During the health assessment, the nurse notes that a patient is anxious and worried about upcoming surgery. What is the nurse's first priority in this situation?
- A. Assess the patient's emotional state and provide reassurance.
- B. Discuss the risks and benefits of the surgery in detail.
- C. Encourage the patient to relax and not focus on the surgery.
- D. Call the surgeon to inform them of the patient's anxiety.
Correct Answer: A
Rationale: The correct answer is A: Assess the patient's emotional state and provide reassurance. The first priority is to address the patient's anxiety and worry, as this can impact their overall well-being and ability to cope with the upcoming surgery. By assessing the emotional state, the nurse can understand the patient's concerns and provide appropriate support and reassurance. Discussing the risks and benefits (choice B) may be important but not the immediate priority. Encouraging relaxation (choice C) may not address the underlying anxiety. Calling the surgeon (choice D) is not necessary at this point as the nurse should first focus on the patient's emotional needs.
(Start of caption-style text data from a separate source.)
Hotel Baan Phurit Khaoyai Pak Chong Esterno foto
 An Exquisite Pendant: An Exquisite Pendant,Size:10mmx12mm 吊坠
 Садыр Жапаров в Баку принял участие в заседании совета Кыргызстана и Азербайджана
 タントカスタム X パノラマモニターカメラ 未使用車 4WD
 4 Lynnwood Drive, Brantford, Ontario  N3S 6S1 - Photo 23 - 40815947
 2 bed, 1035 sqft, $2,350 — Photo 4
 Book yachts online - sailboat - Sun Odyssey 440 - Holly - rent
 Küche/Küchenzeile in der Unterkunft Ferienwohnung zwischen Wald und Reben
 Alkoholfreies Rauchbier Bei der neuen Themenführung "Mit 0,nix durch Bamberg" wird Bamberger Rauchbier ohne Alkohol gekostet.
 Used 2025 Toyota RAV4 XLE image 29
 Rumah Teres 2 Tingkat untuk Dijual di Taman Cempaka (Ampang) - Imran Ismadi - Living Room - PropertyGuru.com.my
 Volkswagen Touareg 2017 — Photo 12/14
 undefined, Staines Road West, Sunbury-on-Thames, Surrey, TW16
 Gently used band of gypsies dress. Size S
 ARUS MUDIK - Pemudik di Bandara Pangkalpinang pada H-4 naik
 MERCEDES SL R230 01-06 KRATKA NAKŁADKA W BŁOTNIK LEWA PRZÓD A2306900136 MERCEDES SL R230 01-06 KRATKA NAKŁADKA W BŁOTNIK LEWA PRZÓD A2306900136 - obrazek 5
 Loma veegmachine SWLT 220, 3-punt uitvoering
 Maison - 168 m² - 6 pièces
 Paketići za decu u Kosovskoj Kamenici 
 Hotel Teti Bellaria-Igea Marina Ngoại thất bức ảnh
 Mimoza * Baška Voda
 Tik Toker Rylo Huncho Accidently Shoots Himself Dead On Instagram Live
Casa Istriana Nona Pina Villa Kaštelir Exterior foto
A nurse is caring for a patient with acute pancreatitis. The nurse should monitor for which of the following signs of complications?
- A. Decreased urine output and increased thirst.
- B. Increased blood pressure and heart rate.
- C. Hypotension and tachycardia.
- D. Tachypnea and cyanosis.
Correct Answer: C
Rationale: The correct answer is C: Hypotension and tachycardia. In acute pancreatitis, complications like hypovolemic shock can lead to hypotension and tachycardia due to fluid shifts and inflammation. Decreased urine output and increased thirst (A) may indicate dehydration but are not specific to pancreatitis. Increased blood pressure and heart rate (B) are not typical signs of complications in pancreatitis. Tachypnea and cyanosis (D) suggest respiratory distress, which is not a common complication of pancreatitis.
A nurse is caring for a patient with pneumonia. The nurse should prioritize which of the following assessments?
- A. Oxygen saturation levels.
- B. Pain levels.
- C. Bowel sounds.
- D. Level of consciousness.
Correct Answer: A
Rationale: The correct answer is A: Oxygen saturation levels. This assessment is crucial in pneumonia to ensure adequate oxygenation. Low oxygen levels can lead to respiratory distress. Pain levels (B) are important but not a priority over oxygenation. Bowel sounds (C) are not directly related to pneumonia. Level of consciousness (D) is also important but not as critical as ensuring proper oxygen levels for a patient with pneumonia. Oxygen saturation levels should be prioritized to prevent complications and ensure the patient's respiratory status is stable.